A "arte" de fomentar um golpe: O dia que durou 21 anos


Terrorismo econômico e escândalo político seletivo e oportunista. A mídia corporativa nativa cria a agenda com o auxílio luxuoso do Departamento de Estado dos Estados Unidos para levar à instabilidade institucional. Não, não estamos falando da conjuntura atual do país e sim do Brasil de 1964. A fórmula é velha, sabe-se, mas foi este o enredo que levou ao golpe militar naquele ano. E não é coincidência.
O dia que durou 21 anos, documentário dirigido por Camilo Tavares, com produção do seu pai, o jornalista Flávio Tavares, ex-preso político torturado pelo regime, reúne documentos inéditos sobre o episódio que retardou em, pelo menos, 40 anos o desenvolvimento brasileiro. O trabalho, de 117 minutos, é uma co-produção da Pequi Filmes e TV Brasil.
O filme expõe as vísceras do envolvimento do governo estadunidense no episódio. Processo iniciado ainda em 1962 com o presidente John Kennedy e levado a cabo pelo seu sucessor, Lyndon Johnson. A ordem era tirar o presidente João Goulart do poder, desde que ele assumira o comando do país, em 1961, após a renúncia de Jânio Quadros.
O documentário é didático. Explica com riqueza de detalhes a crise para o retorno de Goulart, a emenda parlamentarista que lhe tirou força política, o plebiscito que reconduziu o Brasil ao sistema presidencialista e o desfecho golpista, ocorrido na madrugada de 31 de março para 1 de abril de 1964.
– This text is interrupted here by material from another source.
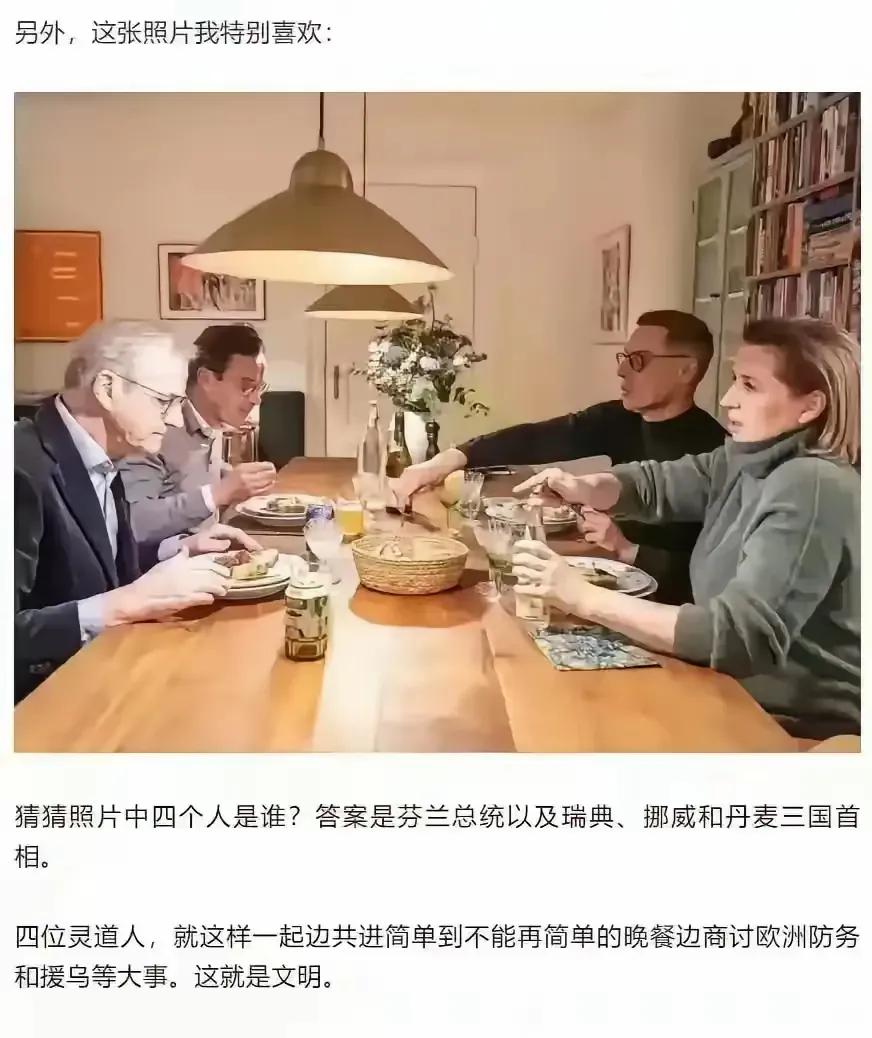 他们只会让你看到想让你看到的！这句话用在这里，合不合适？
Nos bastidores, a atuação de autoridades dos EUA, como o embaixador Lincoln Gordon e o adido militar, general Vernon Walters. São provas cabais. Documentos e gravações em áudio são apresentados e trazem à baila diálogos entre Gordon e o primeiro escalão estadunidense. As conversas incluem o presidente Johnson, o secretário de Estado Dean Rusk e o secretário da Defesa, Robert McNamara, entre outros personagens.
Enquanto isso, no Brasil, entidades estadunidenses atuam na conspiração. O Instituto Brasileiro de Ação Democrática (IBAD) e o Insituto de Pesquisa e Estudos Sociais (IPES), grupos teleguiados pela CIA, se encarregam de despejar milhões de dólares na imprensa e na compra de apoio parlamentar à conspirata.
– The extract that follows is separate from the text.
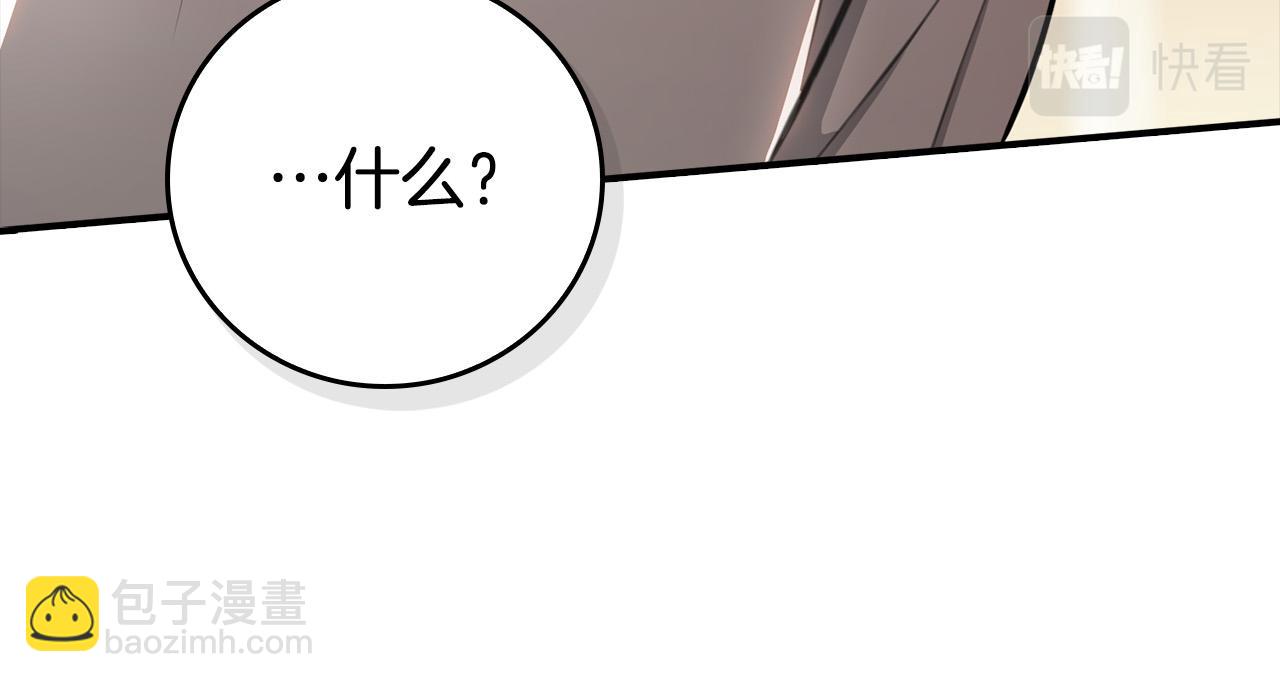 第19话 长不大的身体(1/4)-第19话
Na agenda política do governo, as chamadas reformas de base - reforma agrária, política e tributária, junto a outras medidas - deixam as elites e setores expressivos da classe média apreensivos ante o perigo da implantação de um “governo sindicalista de inclinação de esquerda”.
A paranóia anti-comunista cai como uma luva no imaginário desses setores. A direita sai às ruas e leva milhares para a “Marcha com Deus, pela família e pela propriedade”. Empresários, imprensa e políticos inclinados ao golpe alimentam a iminência de uma revolução comunista. Sentimento que serve como amálgama aos intentos estadunidenses, que vêem seus interesses econômicos ameaçados.
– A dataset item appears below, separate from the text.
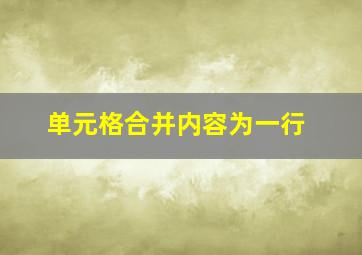 单元格合并内容为一行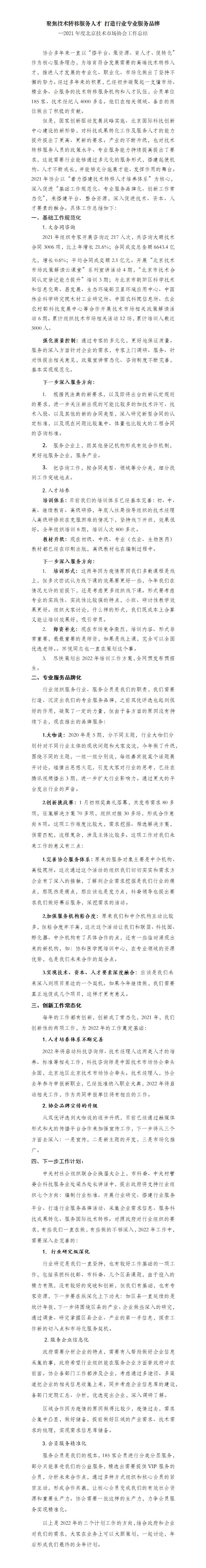 2021年度北京技术市场协会工作总结、2022年计划_01.jpg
Também figuram depoimentos interessantes, como de oficiais legalistas que foram cassados pela quartelada, sendo que um deles lamenta a ausência de resistência por parte das forças do governo. “Foi tudo muito pacífico”, lembra. 
A Operação Brother Sam também é citada. Washington autoriza o envio de forças militares para pressionar a queda de Goulart. A decisão é demonstrada em áudio. “Tudo o que precisarmos fazer. Vamos pôr nosso pescoço para fora (nos arriscar)”.
O golpe é dado e o país mergulha em 21 anos de trevas. Cassações, torturas, assassinatos e toda tipo de violência são cometidos pelas forças de repressão. E o pior é que essas mesmas ameaças continuam a pairar sobre o país. O filme dos Tavares serve como vacina e alerta. Imperdível.